Companies doing business in California are well-acquainted with the state’s wide range of consumer protection statutes, many of which are unique to California. You can now add another one-of-a-kind statute to that list -- one that will add to the burdens of doing business in the Golden State.
California recently passed the Transparency in Supply Chains Act (Senate Bill 657), which requires retail sellers and manufacturers to disclose their efforts to eradicate slavery and human trafficking from their supply chains. This law will take effect on January 1, 2012 and applies to all companies with over $100 million in annual revenue that are doing business in California. According to one estimate, this would affect over three thousand companies. The exclusive remedy for a violation of the law is an action brought by the California Attorney General for injunctive relief.

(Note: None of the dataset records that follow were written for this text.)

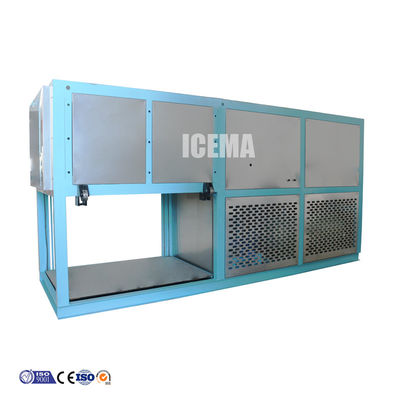 산업용 ICEMA 자동 2T 얼음 블록 기계 제조업체 다른 얼음 저장 용량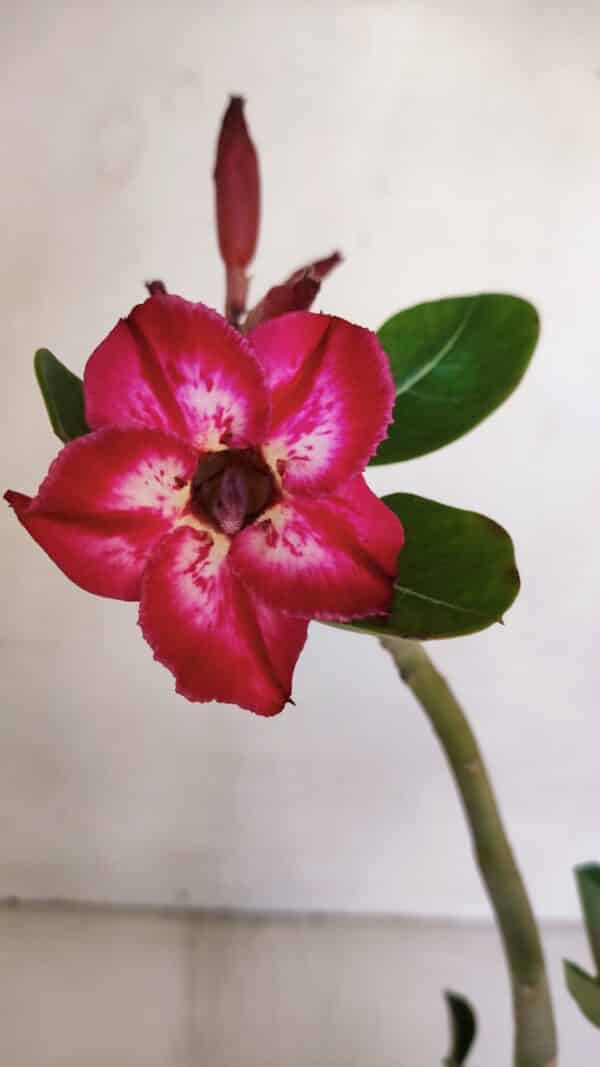 Planta Simples 3044 – 30cm – 03 anos - Imagem 1
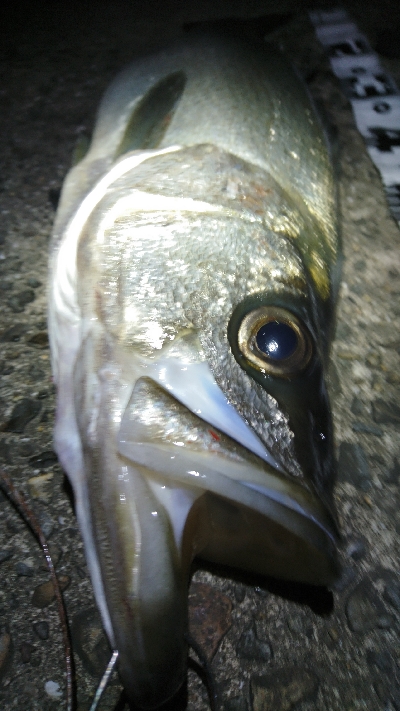 アニサキス付ヒラスズキ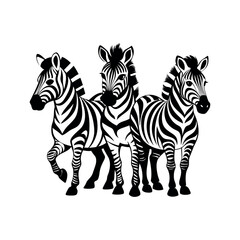 Fototapeta premium cute zebra 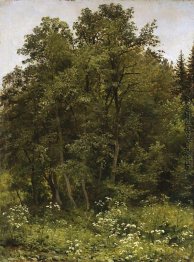 Am Waldrand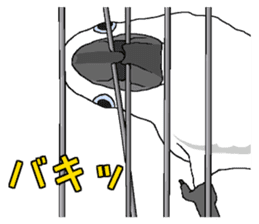 White cockatoos daily sticker #8632200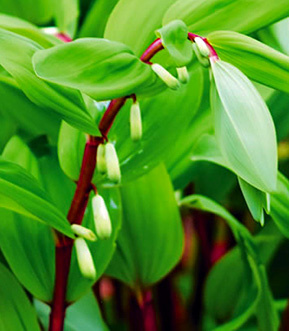 dwarf Hosta 'Cherry Tart' - gold leaves, red stems!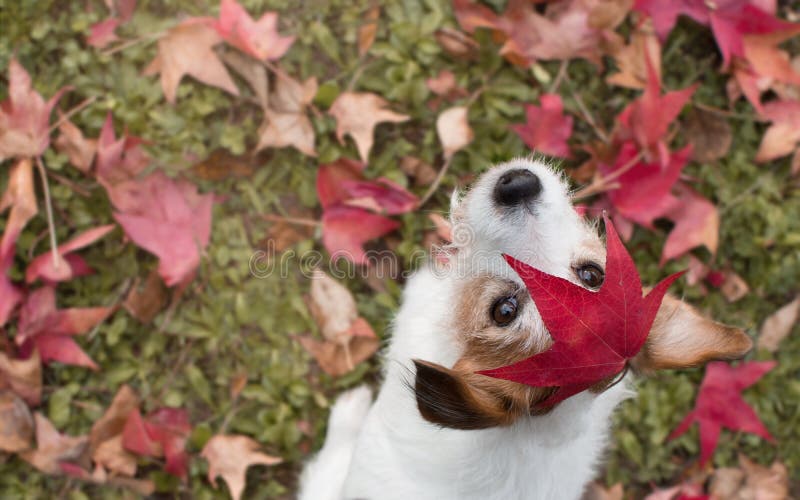 Hundhöstsidor FÖRTJUSANDE STÅENDE AV EN JACK RUSSELL TERRIER W fotografering för bildbyråer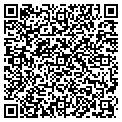 QR code with Michka contacts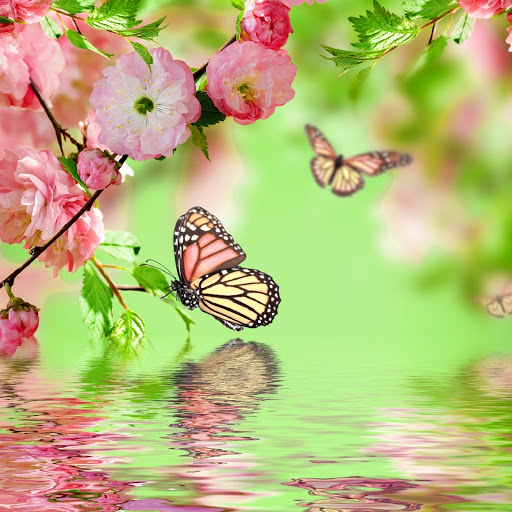 Hd-178835-ascw178835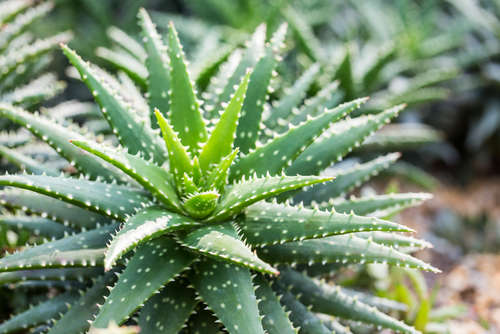 aloe vera ameliore sante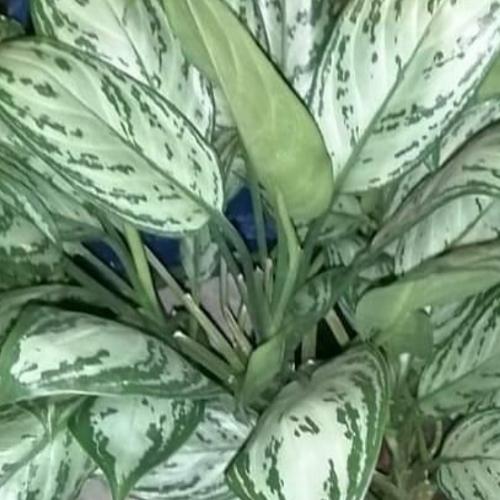 Agloenema #1  $10.00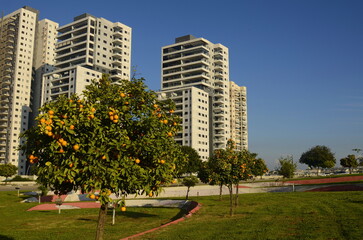 Construction of a residential building. Construction crane, tree with orange fruits. Garden next to an apartment building. Concept: buying a home, investment, mortgage, loan, price increase, real esta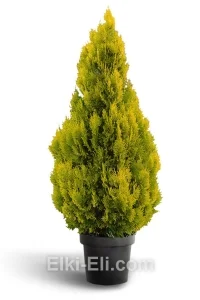 Туя западная Европа Голд в горшке, фото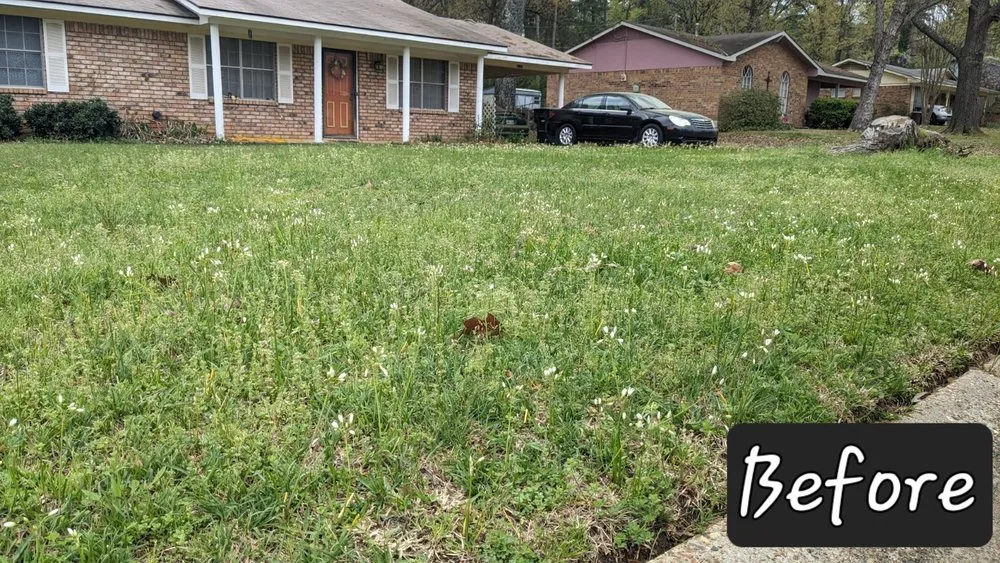 Trusted landscaping services experts serving Bossier City, LA - Sounds of Freedom Lawn Care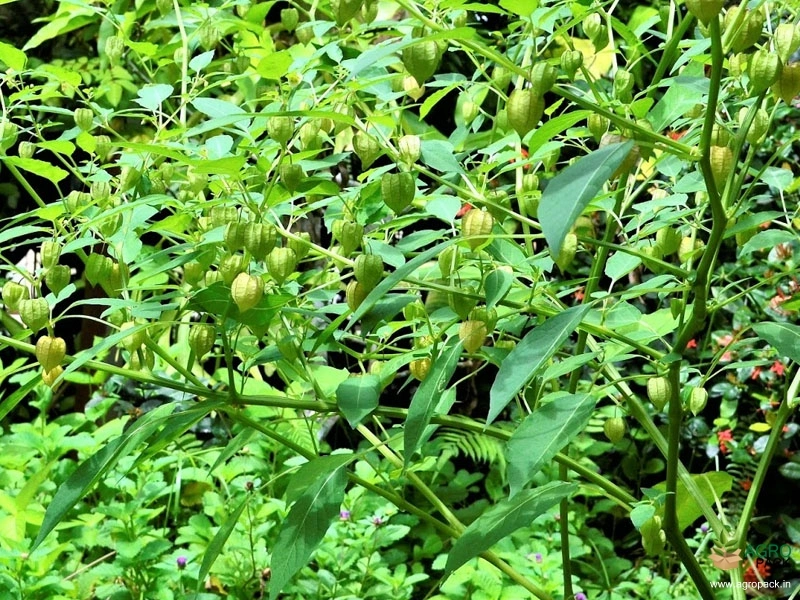 Ground-Cherry4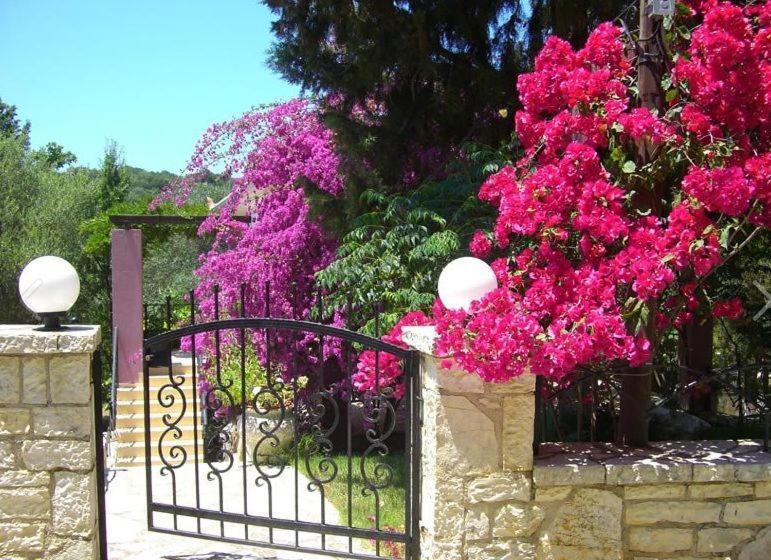 Kika * Sivota (Epirus)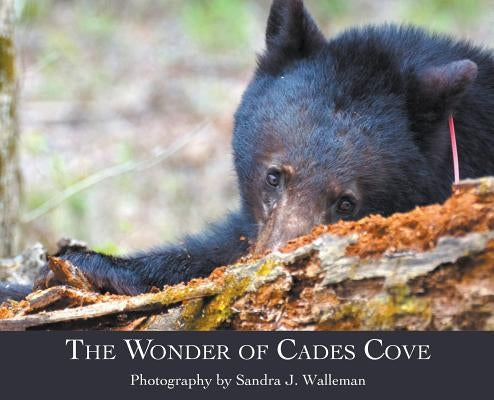 The Wonder of Cades Cove by Walleman, Sandra J.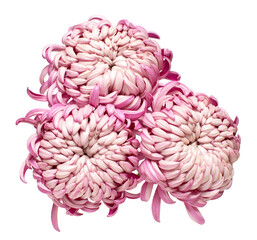 Pink bouquet chrysanthemum flower isolated on white background. Floral pattern, object. Flat lay, top view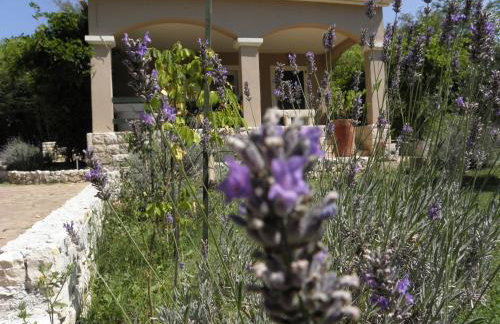 Holiday Home Borna - Foto 28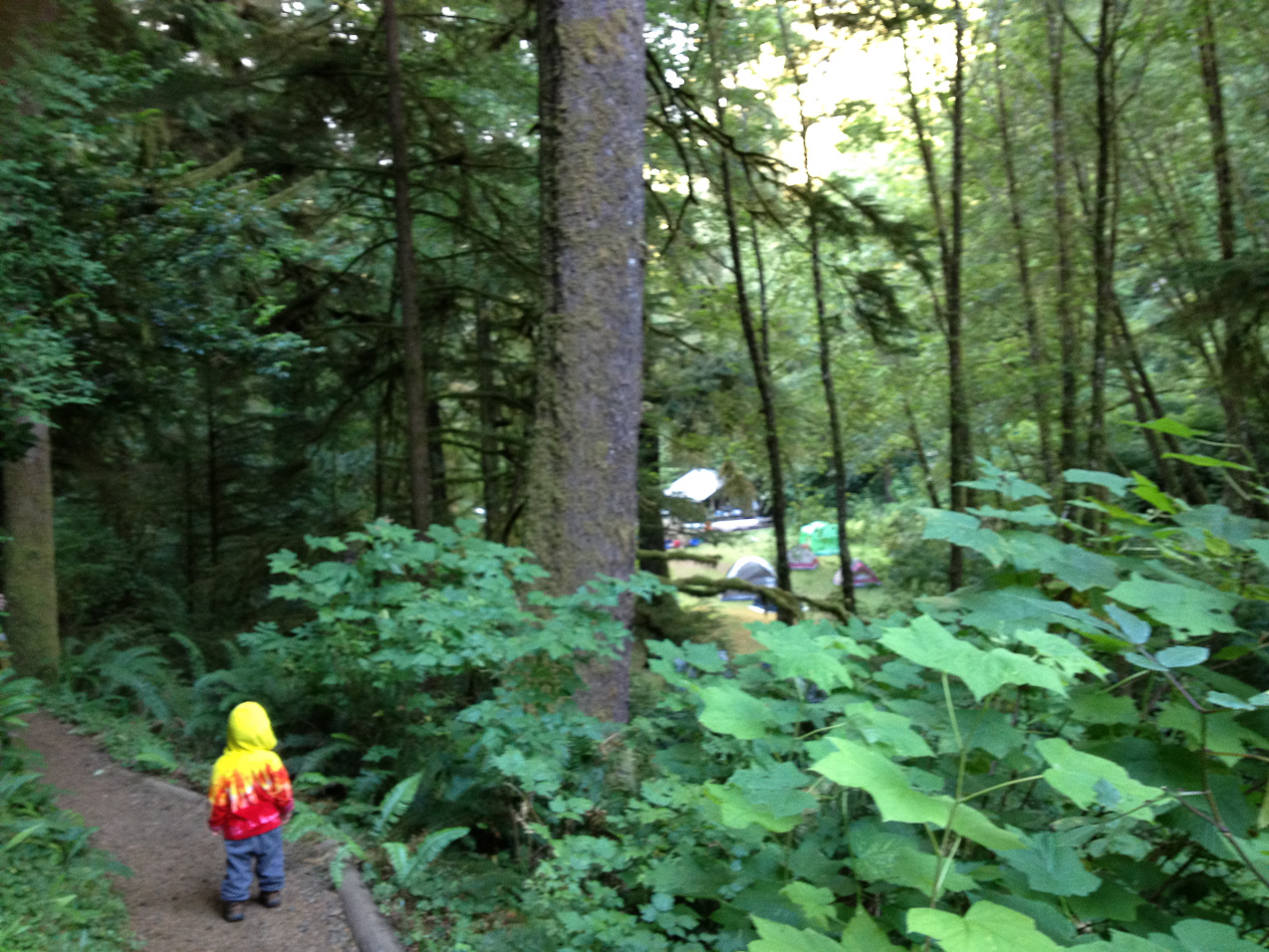  August 25, 2012 - From the path to the 500yr-old Spruce, overlooking the group campsite.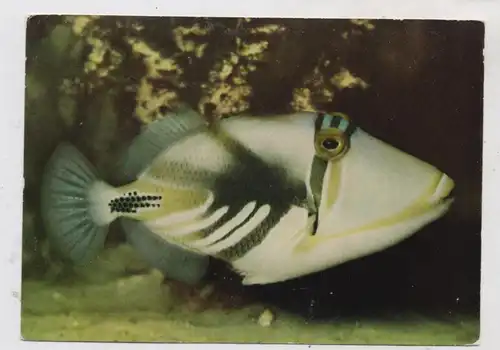 1000 BERLIN - TIERGARTEN, Zoo, Picassofisch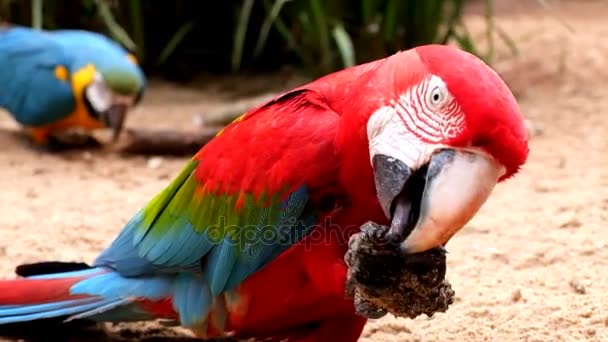 Två röda och blå papegojor äter i vildmarken — Stockvideo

The law will require companies to post a public disclosure of their efforts on their website, which must be identified by a conspicuous and easily understood link. If a company does not have a website, it must provide written disclosure within thirty days of receiving a consumer request. The disclosure must, at a minimum, include to what extent the company:
- Engages in verification of product supply chains to evaluate and address risks of human trafficking and slavery;
- Conducts audits of suppliers to evaluate supplier compliance with company standards for trafficking and slavery in supply chains;
- Requires direct suppliers to certify that materials incorporated into the product comply with the laws regarding slavery and human trafficking of the country or countries in which they are doing business;
- Maintains internal accountability standards and procedures for employees or contractors failing to meet company standards regarding slavery and trafficking; and
- Provides company employees and management (who have direct responsibility for supply chain management) training on human trafficking and slavery, particularly with respect to mitigating risks within the supply chains of products.
It should be emphasized that this law does not require any company to take any affirmative steps to eradicate slavery and trafficking from its supply chain. It simply requires the company to disclose what steps (if any) it is currently taking.
Any company that decides, in response to this law or otherwise, to influence the practices of their supply chain should consider that they may be inviting litigation. At least one lawsuit has been brought alleging that a company’s efforts to influence its suppliers’ treatment of workers made it a “joint employer” with legal responsibility for that treatment.